HAMPSHIRE presenter Alan Titchmarsh wants to be cast in a new TV role - as the gardener in Downton Abbey the movie.
The former host of Gardeners' World and the Chelsea Flower Show is about to be seen on-screen "peeling back history" in a series on the National Trust.
However, he wants to appear in the big-screen outing of the hit period drama.
"If they bring this film of Downton Abbey out I'm going to have a go at (creator) Julian Fellowes. I've never seen anybody do anything in the garden.
"I'd like to play the gardener. I'd have a big beard and wheel a wheelbarrow in the background," he said.
"It wouldn't take off but I'd love to do that. I'd just like to be a part of it because I so enjoyed that series!"
In his new, six-part series, Secrets Of The National Trust, Alan, 67, explores stunning estates and historic houses.
As well as conservation work taking place across the UK, gardens, landscapes and coastlines also feature in the Channel 5 show.
Titchmarsh warned that the green belt had to be protected.
"When the thin edge of the wedge comes and public parks are done away with... it's a false economy.
"They're vitally important to our wellbeing," he said.
"You build on the (green belt) at your peril. We have to have houses for people but there are lots of sites we can build on," he said.
When the mild-mannered star promoted another show, Love Your Garden, he caused an upset on BBC Breakfast.
Presenter Louise Minchin apologised after Alan, who is the Chancellor of Winchester University, used the gardening term "bastard trenching", referring to the practice of double digging.
But the star criticised the apology, saying it was a "knee-jerk reaction" and the breakfast show "shot themselves in the foot".
"They got lots of letters from people explaining how the word is used in other areas.
"I don't think Shakespeare has yet been doctored. Edmund the Bastard is still Edmund the Bastard in King Lear, not Edmund the Illegitimate," he said.
"It's not as if I was using it as a derogatory term towards somebody. It was silly.
"I didn't know what they were talking about at first. She (Minchin) turned to the camera and said 'we apologise for the bad language'.
"I thought 'whoops, what did they say?' Oh gosh, she's on about me. It was a shock."

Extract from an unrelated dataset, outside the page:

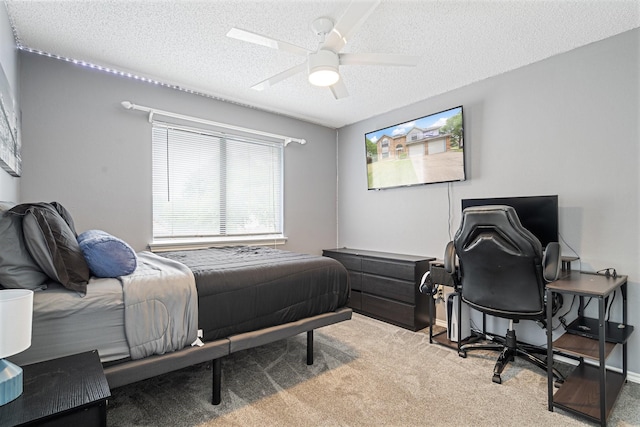 bedroom featuring a textured ceiling, light carpet, and ceiling fan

Alan, who is also a deputy Lord Lieutenant of Hampshire will not be joining Strictly Come Dancing, having been asked to take part, "because my wife says my gardeners' knees won't take the lifts", or I'm A Celebrity... Get Me Out Of Here! because no-one would want to see "me sitting down, grumbling".
However, despite "complaining like everybody else" about life, the former Ground Force star said he believed in getting things done - including Brexit.

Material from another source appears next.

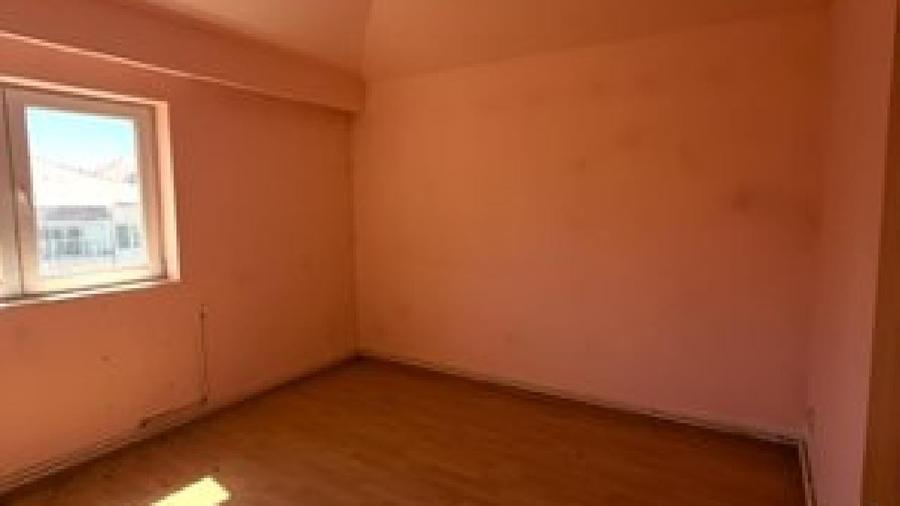 Apartament cu 3 camere semidecomandat în Nord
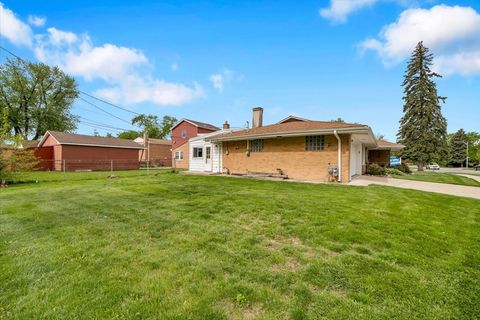 Tiny photo for 5549 W 102nd Street, Oak Lawn, IL 60453 (MLS # 12642120)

"I did vote Remain but I have a lot of sympathy with Brexit.
"The mistake that Europe made was trying to homogenise everybody and make everybody alike on everything," he said.
"That's what eventually got the backs up of the British people...

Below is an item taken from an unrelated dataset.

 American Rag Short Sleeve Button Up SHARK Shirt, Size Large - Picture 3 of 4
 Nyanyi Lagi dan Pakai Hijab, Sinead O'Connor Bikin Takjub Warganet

"You can't suddenly homogenise 27 countries in the space of half a century when they've been ploughing their own furrow for thousands of years."
He said: "I've got to the stage now where we have to crack on and get on with it and make it work," adding: "As long as it doesn't make us insular and xenophobic, we can plough our own furrow."
- Secrets Of The National Trust With Alan Titchmarsh airs on Tuesdays at 9pm on Channel 5, from February 7.